BEGIN

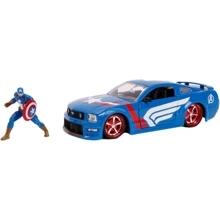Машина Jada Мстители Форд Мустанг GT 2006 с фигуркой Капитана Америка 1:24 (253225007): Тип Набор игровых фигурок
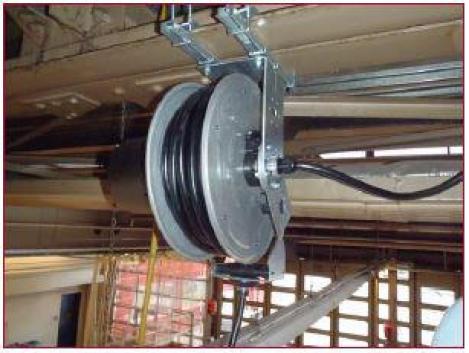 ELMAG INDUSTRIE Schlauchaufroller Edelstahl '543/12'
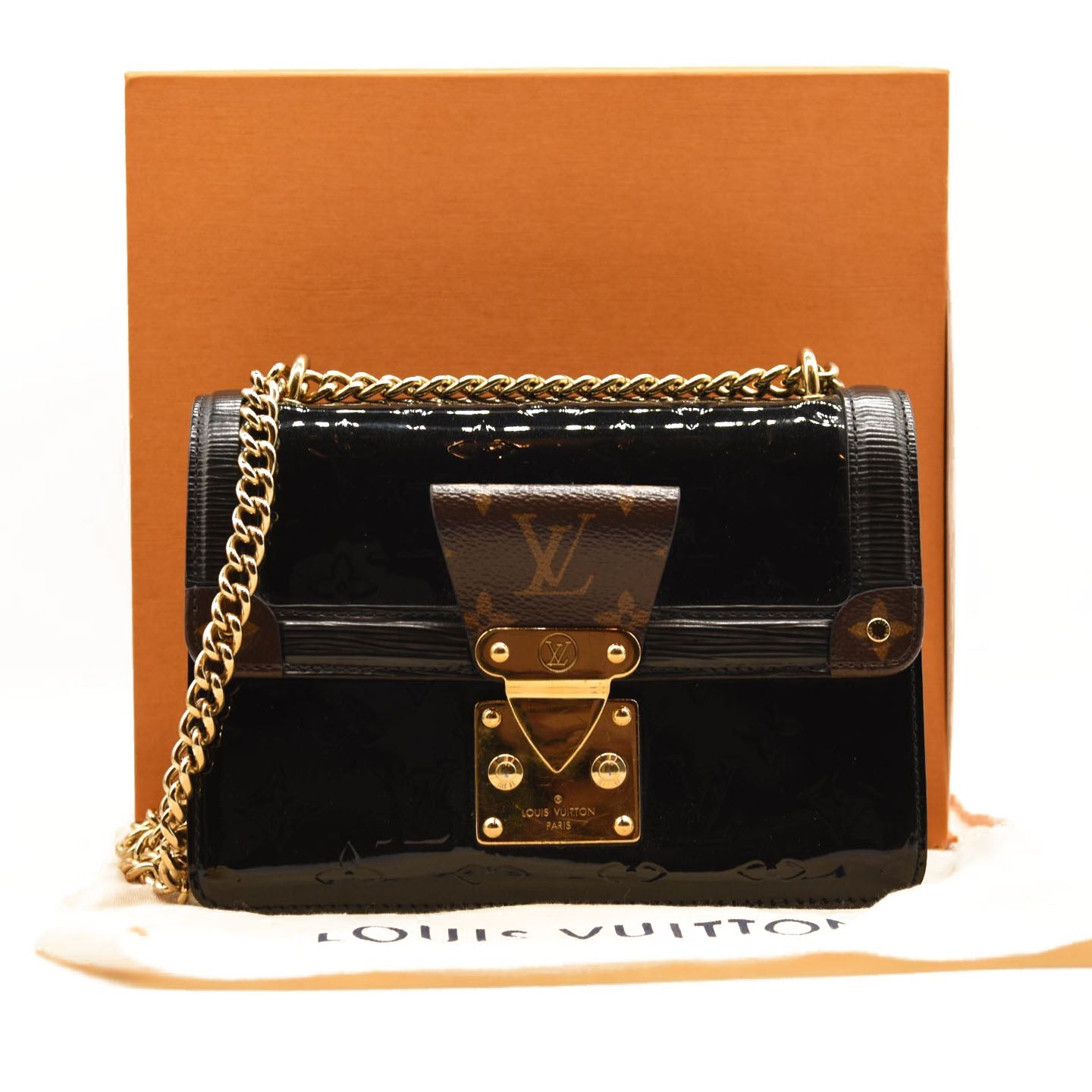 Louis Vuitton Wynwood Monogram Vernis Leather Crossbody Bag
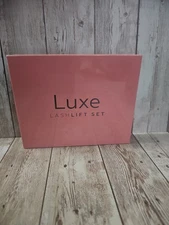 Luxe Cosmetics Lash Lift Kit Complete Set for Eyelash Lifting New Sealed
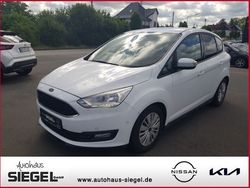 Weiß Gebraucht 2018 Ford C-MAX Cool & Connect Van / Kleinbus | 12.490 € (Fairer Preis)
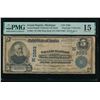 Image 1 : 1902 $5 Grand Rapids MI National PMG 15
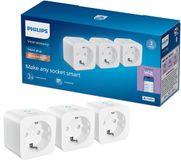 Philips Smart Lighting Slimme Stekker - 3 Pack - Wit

END

Exercise requirements :: Where a picture appears, skip it and copy the rest of the data word for word.

Reply to the exercise ::
Машина Jada Мстители Форд Мустанг GT 2006 с фигуркой Капитана Америка 1:24 (253225007): Тип Набор игровых фигурок
 ELMAG INDUSTRIE Schlauchaufroller Edelstahl '543/12'
 Louis Vuitton Wynwood Monogram Vernis Leather Crossbody Bag
 Luxe Cosmetics Lash Lift Kit Complete Set for Eyelash Lifting New Sealed
 Weiß Gebraucht 2018 Ford C-MAX Cool & Connect Van / Kleinbus | 12.490 € (Fairer Preis)
 Image 1 : 1902 $5 Grand Rapids MI National PMG 15
 Philips Smart Lighting Slimme Stekker - 3 Pack - Wit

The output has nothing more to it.